- Church: Catholic Church
- See: Titular See of Lamiggiga
- In office: March 8, 1965 – June 2, 1978

Orders
- Ordination: June 8, 1956
- Consecration: May 25, 1967 by Richard Cushing

Personal details
- Born: November 30, 1926 Philadelphia, Pennsylvania
- Died: May 28, 1994 (aged 67) Newark, Delaware

= James Burke (bishop) =

James C. Burke, O.P. (November 30, 1926 – May 28, 1994) was an American-born bishop of the Catholic Church in Peru. He served as the Territorial Prelate of Chimbote from 1965 to 1978. After his retirement he served the Diocese of Wilmington in the U.S. state of Delaware from 1978 to 1994.

==Biography==
Born in Philadelphia, Pennsylvania, James Burke was ordained a priest in the Order of Preachers (Dominicans) on June 8, 1956. On March 8, 1965 Pope Paul VI appointed him as the first Territorial Prelate of Chimbote.

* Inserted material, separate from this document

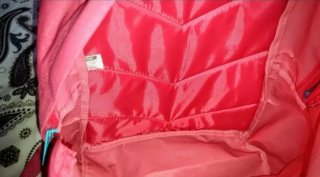 Mochila escolar Benetton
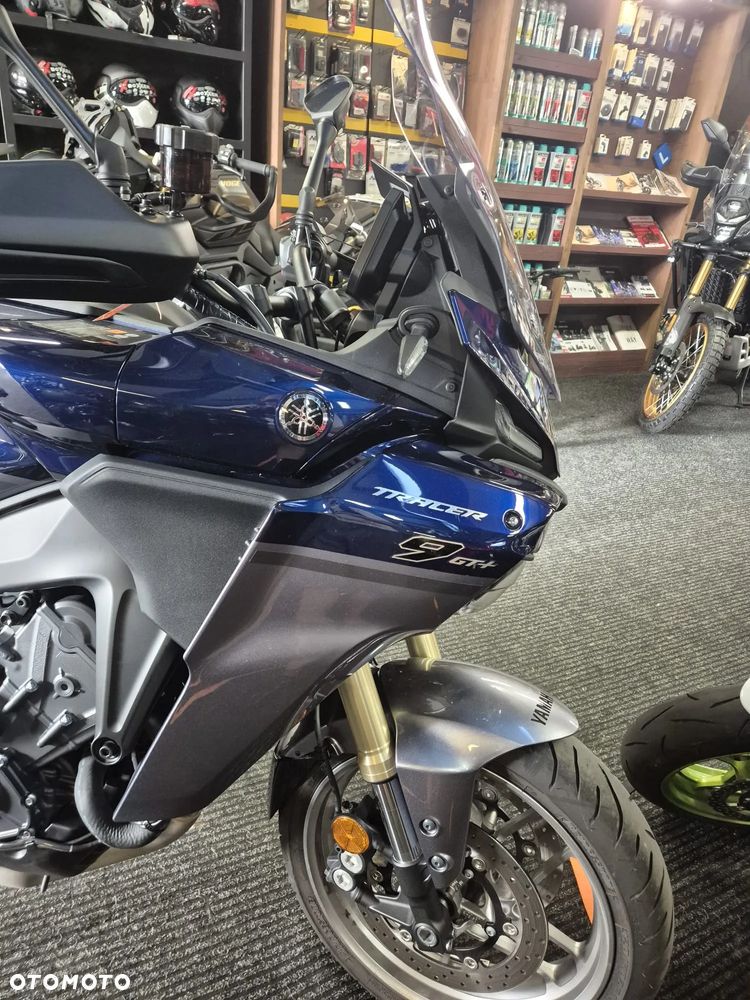 Yamaha Tracer - 20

He participated in the fourth session of the Second Vatican Council in 1965. Burke was named the Titular Bishop of Lamiggiga by Pope Paul on April 8, 1967. He was consecrated a bishop by Cardinal Richard Cushing of Boston on May 25, 1967. The principal co-consecrators were Bishop Walter Curtis of Bridgeport and Auxiliary Bishop Edward Swanstrom of New York. He continued to serve as Territorial Prelate until his resignation was accepted by Pope Paul on June 2, 1978. After his retirement he assisted in the Diocese of Wilmington, Delaware, in the U.S., as vicar for urban affairs (not as coadjutor or auxiliary), until his death on May 28, 1994, at the age of 67.